Where Black Panther (real name: T’Challa) comes into the Civil War story near the beginning and is all business throughout, some of the other newer MCU characters come into play later as the story naturally progresses. One of these characters is Scott Lang a.k.a. Ant-Man (Paul Rudd) who has a bit of an interesting relationship with Falcon. Lang’s just a guy trying to do good and is outside of the Avengers initiative, S.H.I.E.L.D., and the politics of it all. Because of that, he can serve as the audience’s viewpoint, bringing some levity to an otherwise dire situation. From the post-credits scene attached to Ant-Man, we known Falcon and Cap seek out Ant-Man’s help for a specific mission.
Captain America: Civil War co-director Anthony Russo said the following at São Paulo, Brazil’s Comic-Con over the weekend:
“The film definitely has a more serious tone I think than any other Marvel [Studios] movie yet. And that’s kind of natural to the process because you’re really gonna turn these heroes, who have been friends and partners, against one another. and if we’re gonna have them fight for a whole movie to the end, there has to be a serious issue because these are smart people, they’re likable people; they’re not villains, they’re good guys. And so you have to think very hard about a very complex situation that’s gonna put them in conflict with one another for an entire movie.”

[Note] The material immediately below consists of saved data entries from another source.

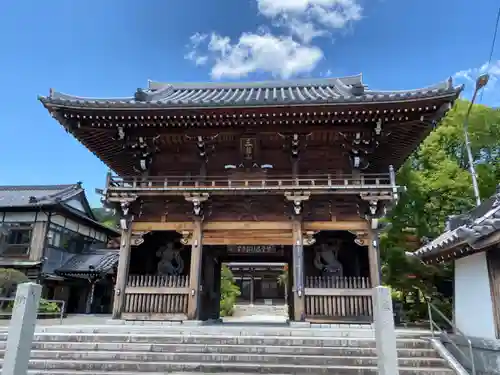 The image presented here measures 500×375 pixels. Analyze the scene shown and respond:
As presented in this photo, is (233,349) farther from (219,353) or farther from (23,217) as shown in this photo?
(23,217)

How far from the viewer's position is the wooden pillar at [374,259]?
10.6 m

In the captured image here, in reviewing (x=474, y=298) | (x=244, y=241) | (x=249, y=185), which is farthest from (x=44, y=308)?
(x=474, y=298)

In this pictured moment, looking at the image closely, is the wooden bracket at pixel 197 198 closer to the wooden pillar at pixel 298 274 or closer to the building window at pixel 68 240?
the wooden pillar at pixel 298 274

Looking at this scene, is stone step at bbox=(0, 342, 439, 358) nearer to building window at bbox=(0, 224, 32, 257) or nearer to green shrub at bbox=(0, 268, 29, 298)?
green shrub at bbox=(0, 268, 29, 298)

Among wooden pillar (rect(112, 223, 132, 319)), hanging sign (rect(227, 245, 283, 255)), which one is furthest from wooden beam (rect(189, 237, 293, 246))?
wooden pillar (rect(112, 223, 132, 319))

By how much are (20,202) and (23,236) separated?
9.12ft

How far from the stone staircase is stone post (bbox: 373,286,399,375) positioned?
1.82 meters

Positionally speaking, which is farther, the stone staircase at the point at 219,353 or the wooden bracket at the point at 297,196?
the wooden bracket at the point at 297,196

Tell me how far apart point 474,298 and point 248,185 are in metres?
6.67

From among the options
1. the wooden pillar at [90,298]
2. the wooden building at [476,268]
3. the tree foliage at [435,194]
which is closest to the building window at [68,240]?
the wooden pillar at [90,298]

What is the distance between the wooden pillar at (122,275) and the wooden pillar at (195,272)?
2.12 m

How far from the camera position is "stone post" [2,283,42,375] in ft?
18.8

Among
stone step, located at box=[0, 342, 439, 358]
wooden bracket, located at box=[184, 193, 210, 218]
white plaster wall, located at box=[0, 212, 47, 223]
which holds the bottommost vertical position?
stone step, located at box=[0, 342, 439, 358]

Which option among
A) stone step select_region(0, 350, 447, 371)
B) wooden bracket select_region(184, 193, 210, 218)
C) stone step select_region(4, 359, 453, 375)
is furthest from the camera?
wooden bracket select_region(184, 193, 210, 218) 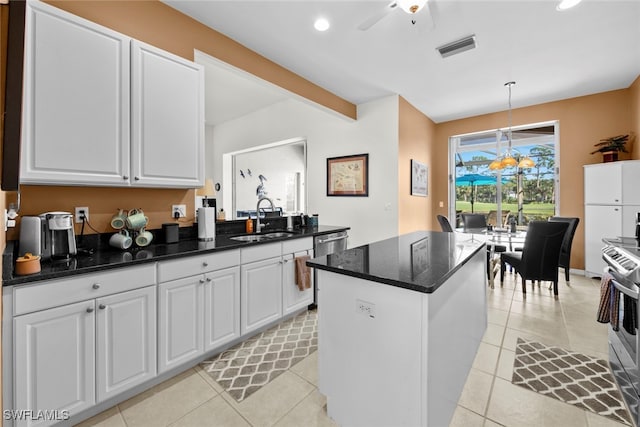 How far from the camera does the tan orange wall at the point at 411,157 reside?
4.36 meters

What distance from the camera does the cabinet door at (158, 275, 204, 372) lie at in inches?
70.1

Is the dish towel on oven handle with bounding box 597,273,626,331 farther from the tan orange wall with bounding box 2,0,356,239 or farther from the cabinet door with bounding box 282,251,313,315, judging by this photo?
the tan orange wall with bounding box 2,0,356,239

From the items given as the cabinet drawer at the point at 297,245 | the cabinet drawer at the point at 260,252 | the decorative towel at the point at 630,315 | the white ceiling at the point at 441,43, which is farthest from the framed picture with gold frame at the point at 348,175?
the decorative towel at the point at 630,315

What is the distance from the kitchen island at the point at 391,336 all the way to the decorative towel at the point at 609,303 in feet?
3.06

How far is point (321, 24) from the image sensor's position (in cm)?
260

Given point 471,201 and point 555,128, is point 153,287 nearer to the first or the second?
point 471,201

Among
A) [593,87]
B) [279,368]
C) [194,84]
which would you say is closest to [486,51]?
[593,87]

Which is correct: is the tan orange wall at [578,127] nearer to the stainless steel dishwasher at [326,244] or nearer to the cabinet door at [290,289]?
the stainless steel dishwasher at [326,244]

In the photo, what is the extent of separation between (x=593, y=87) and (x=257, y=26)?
4.91 metres

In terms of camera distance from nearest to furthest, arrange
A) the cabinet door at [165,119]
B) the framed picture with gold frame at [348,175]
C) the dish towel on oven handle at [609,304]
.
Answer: the dish towel on oven handle at [609,304] → the cabinet door at [165,119] → the framed picture with gold frame at [348,175]

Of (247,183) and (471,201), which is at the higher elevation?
(247,183)

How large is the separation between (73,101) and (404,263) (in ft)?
7.23

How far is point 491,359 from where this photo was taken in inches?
84.3

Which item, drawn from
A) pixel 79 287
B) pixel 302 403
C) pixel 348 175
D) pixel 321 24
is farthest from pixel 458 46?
pixel 79 287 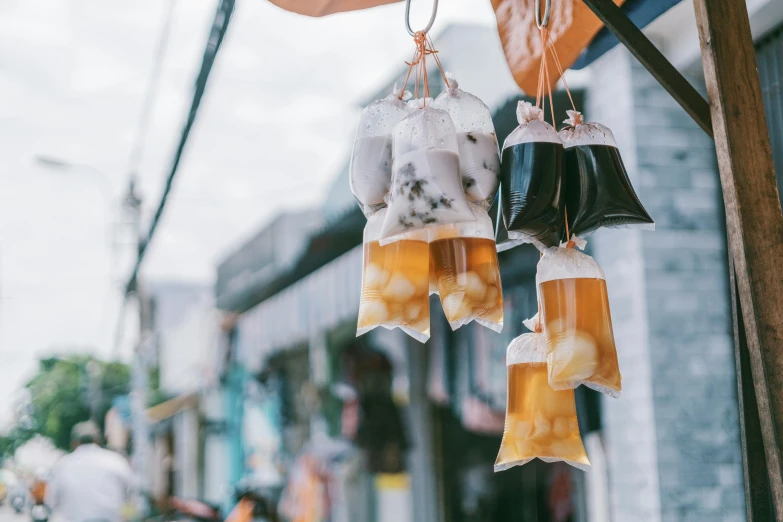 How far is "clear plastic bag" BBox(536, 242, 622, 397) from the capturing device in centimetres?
185

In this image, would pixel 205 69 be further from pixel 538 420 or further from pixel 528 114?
pixel 538 420

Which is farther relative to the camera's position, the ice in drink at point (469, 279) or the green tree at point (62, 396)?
the green tree at point (62, 396)

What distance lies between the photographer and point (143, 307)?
13266 millimetres

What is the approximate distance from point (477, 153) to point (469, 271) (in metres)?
0.31

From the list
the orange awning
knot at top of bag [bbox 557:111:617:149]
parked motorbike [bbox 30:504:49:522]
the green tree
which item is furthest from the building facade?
the green tree

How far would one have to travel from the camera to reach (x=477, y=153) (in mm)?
1973

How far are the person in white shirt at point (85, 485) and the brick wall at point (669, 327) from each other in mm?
5360

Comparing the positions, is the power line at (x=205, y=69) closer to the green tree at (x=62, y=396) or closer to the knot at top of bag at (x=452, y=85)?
the knot at top of bag at (x=452, y=85)

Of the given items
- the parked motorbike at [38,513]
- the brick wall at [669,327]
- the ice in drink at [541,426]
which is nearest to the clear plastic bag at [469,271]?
the ice in drink at [541,426]

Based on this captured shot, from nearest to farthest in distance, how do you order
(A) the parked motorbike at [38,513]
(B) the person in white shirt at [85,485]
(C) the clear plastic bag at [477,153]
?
(C) the clear plastic bag at [477,153]
(B) the person in white shirt at [85,485]
(A) the parked motorbike at [38,513]

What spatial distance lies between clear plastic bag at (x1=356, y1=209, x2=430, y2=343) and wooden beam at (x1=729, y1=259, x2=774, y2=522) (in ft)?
2.43

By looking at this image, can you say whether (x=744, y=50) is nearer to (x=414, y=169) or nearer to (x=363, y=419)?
(x=414, y=169)

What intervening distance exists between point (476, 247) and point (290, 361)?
10399 millimetres

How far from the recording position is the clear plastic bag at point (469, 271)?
6.46ft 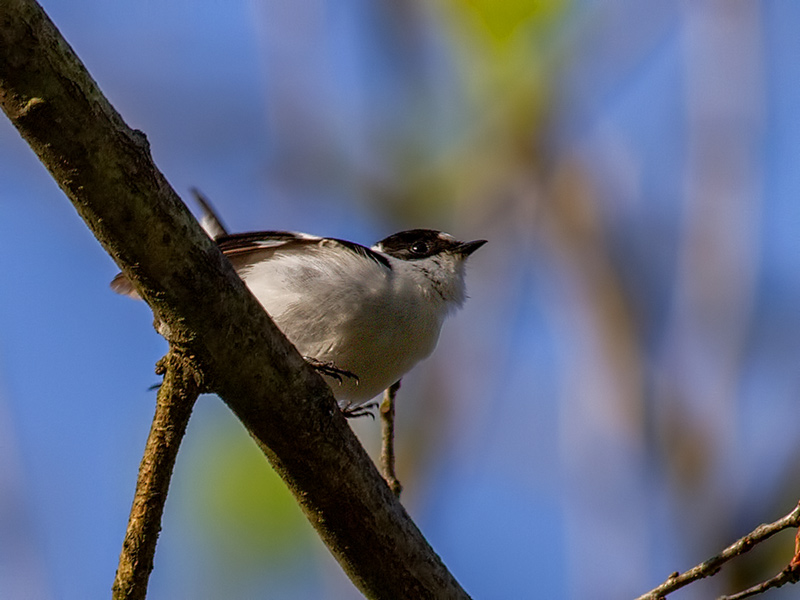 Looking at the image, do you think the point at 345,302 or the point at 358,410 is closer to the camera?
the point at 345,302

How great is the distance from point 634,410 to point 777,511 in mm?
818

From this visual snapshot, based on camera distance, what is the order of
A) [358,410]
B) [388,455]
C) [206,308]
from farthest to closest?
1. [358,410]
2. [388,455]
3. [206,308]

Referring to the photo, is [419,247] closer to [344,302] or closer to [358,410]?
[358,410]

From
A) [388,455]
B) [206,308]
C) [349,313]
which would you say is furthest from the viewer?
[349,313]

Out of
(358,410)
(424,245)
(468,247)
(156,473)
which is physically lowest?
(156,473)

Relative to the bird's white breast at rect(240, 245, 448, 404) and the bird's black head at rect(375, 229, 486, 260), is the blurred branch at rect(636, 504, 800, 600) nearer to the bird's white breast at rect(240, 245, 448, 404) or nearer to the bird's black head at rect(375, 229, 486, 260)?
the bird's white breast at rect(240, 245, 448, 404)

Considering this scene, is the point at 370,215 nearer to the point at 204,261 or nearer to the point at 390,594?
the point at 390,594

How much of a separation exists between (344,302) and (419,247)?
1.23 m

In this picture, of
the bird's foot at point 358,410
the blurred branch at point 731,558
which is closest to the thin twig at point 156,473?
the blurred branch at point 731,558

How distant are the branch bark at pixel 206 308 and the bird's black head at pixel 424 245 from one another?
2458 millimetres

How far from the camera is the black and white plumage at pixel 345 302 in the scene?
4.34 metres

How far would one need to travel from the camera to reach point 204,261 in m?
2.46

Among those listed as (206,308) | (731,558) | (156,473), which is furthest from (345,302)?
(731,558)

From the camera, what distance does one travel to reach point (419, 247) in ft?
18.0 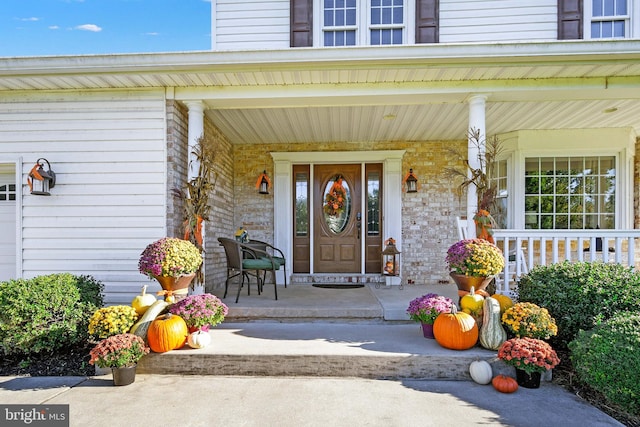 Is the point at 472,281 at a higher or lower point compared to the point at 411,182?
lower

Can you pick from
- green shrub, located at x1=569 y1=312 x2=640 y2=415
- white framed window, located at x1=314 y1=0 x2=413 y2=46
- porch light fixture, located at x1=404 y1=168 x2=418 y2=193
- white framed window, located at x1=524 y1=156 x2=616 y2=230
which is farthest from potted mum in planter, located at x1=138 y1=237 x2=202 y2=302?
white framed window, located at x1=524 y1=156 x2=616 y2=230

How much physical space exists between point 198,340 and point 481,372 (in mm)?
2183

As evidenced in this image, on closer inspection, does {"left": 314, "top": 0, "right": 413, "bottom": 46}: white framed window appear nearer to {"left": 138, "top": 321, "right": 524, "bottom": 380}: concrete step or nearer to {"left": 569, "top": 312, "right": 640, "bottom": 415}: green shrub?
{"left": 138, "top": 321, "right": 524, "bottom": 380}: concrete step

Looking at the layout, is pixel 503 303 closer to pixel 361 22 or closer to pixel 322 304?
pixel 322 304

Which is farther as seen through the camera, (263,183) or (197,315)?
(263,183)

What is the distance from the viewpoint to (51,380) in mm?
2885

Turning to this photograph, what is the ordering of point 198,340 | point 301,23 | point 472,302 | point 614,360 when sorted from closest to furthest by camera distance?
point 614,360
point 198,340
point 472,302
point 301,23

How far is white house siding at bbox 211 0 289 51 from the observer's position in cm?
525

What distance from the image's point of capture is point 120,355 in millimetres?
2695

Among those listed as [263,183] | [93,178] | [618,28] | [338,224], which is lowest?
[338,224]

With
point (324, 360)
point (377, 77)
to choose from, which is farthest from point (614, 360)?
point (377, 77)

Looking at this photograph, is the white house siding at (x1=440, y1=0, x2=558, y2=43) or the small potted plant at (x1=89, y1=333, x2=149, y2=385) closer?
the small potted plant at (x1=89, y1=333, x2=149, y2=385)

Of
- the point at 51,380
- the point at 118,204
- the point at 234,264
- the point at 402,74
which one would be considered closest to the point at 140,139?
the point at 118,204

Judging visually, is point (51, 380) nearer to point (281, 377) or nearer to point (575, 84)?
point (281, 377)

“At the same time, not all the characters in the movie have the same investment in the conflict. There are certain characters that come into the story a little later who don’t have the same baggage that the Avengers have in terms of what’s going on in the film. So they don’t have as much darkness to deal with in the film, so they can be a little lighter and more fun. I think the movie has a healthy balance between very serious, interesting and very surprising storytelling, and sort of light, fun wits and humor… characters like Spider-Man and Ant-Man enter the story a little later.”
For Spider-Man, his entry point is a little less clear. Rumors see Stark potentially recruiting the young New York street hero and giving him his tech and costume, but like Ant-Man, we do know that since Spider-Man is young and outside of previous events of the MCU, he too can bring the wit and charm Peter Parker is known for in the comics.
The movie stars Chris Evans, Robert Downey Jr., Scarlett Johansson, Sebastian Stan, Anthony Mackie, Emily VanCamp, Don Cheadle, Jeremy Renner, Chadwick Boseman, Paul Bettany, Elizabeth Olsen, Paul Rudd, Frank Grillo, Tom Holland, with William Hurt and Daniel Brühl. Marvel’s “Captain America: Civil War” is directed by Anthony & Joe Russo and produced by Kevin Feige. Louis D’Esposito, Alan Fine, Victoria Alonso, Patricia Whitcher, Nate Moore and Stan Lee serve as executive producers and the screenplay is by Christopher Markus & Stephen McFeely.
Captain America: Civil War will release on May 6, 2016, followed by Doctor Strange – November 4, 2016; Guardians of the Galaxy 2 – May 5, 2017; Spider-Man – July 28, 2017; Thor: Ragnarok – November 3, 2017; Black Panther – February 16, 2018; The Avengers: Infinity War Part 1 – May 4, 2018; Ant-Man and the Wasp – July 6, 2018; Captain Marvel – March 8, 2019; The Avengers: Infinity War Part 2 – May 3, 2019; Inhumans – July 12, 2019; and as-yet untitled Marvel movies on May 1, July 10 and November 6, 2020.